─── Material shown

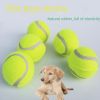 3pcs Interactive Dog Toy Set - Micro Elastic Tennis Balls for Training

──────
─── Material shown

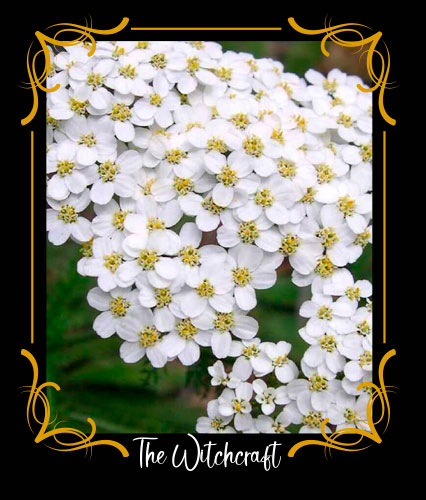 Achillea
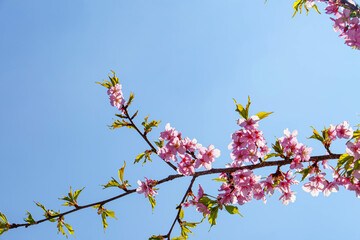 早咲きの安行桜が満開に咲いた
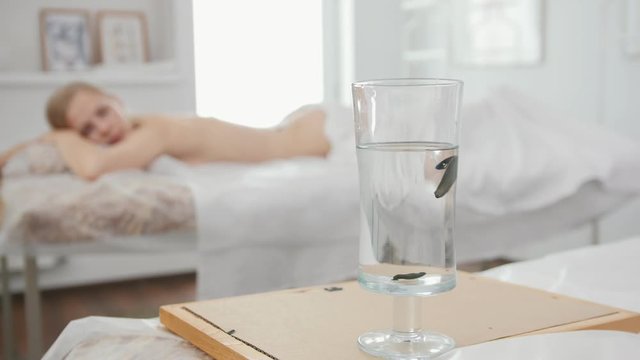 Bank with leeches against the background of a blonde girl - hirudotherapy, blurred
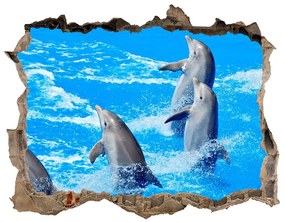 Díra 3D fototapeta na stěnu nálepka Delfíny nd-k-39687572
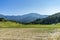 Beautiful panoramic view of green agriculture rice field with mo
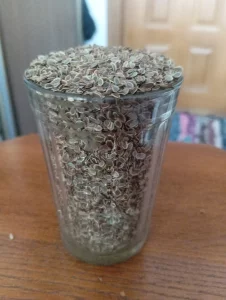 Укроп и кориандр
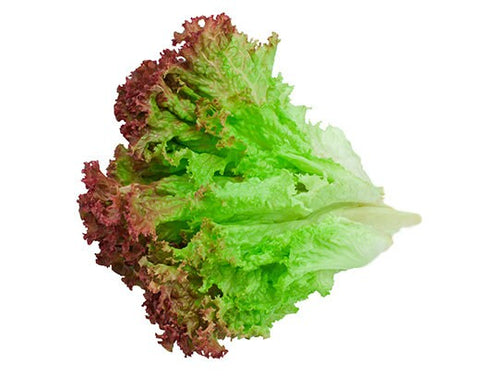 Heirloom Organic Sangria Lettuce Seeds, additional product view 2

──────
─── Material shown

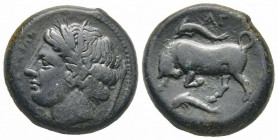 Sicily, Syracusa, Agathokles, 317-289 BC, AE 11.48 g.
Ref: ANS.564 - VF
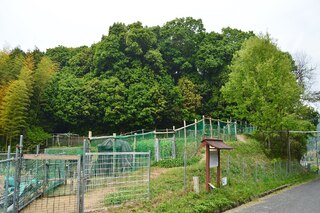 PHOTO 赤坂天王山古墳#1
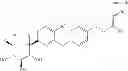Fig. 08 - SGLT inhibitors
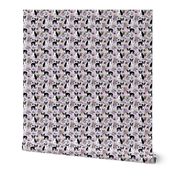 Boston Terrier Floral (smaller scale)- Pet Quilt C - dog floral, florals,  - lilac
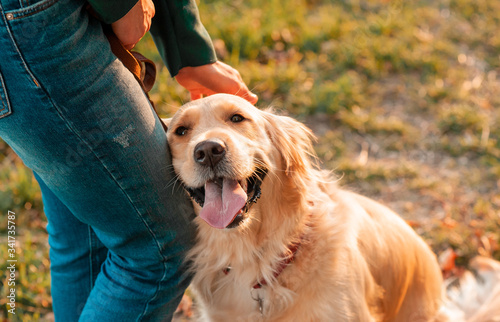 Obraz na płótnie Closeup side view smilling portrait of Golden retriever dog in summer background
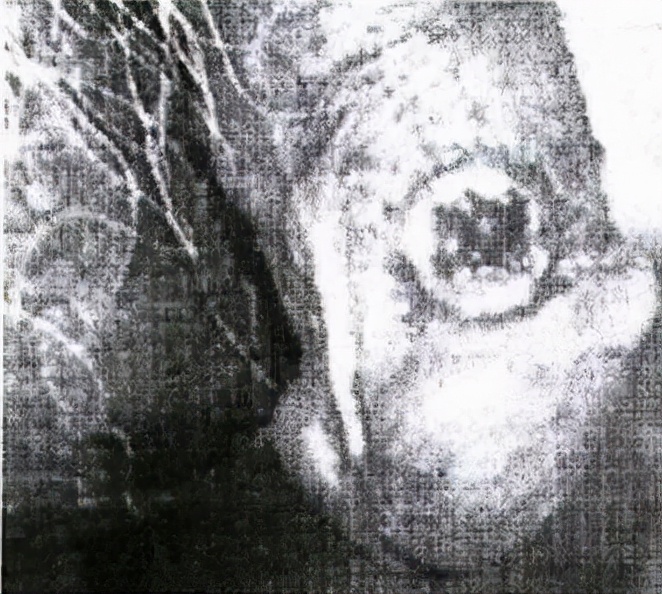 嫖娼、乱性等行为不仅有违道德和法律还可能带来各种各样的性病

──────

Using the entries above, repeat exactly the lines from the one with "Obraz na płótnie" to the one with "嫖娼、乱性等行为不仅有违道德和法律还可能带来各种各样的性病", both included, and leave the pictures behind.

 Obraz na płótnie Closeup side view smilling portrait of Golden retriever dog in summer background
 嫖娼、乱性等行为不仅有违道德和法律还可能带来各种各样的性病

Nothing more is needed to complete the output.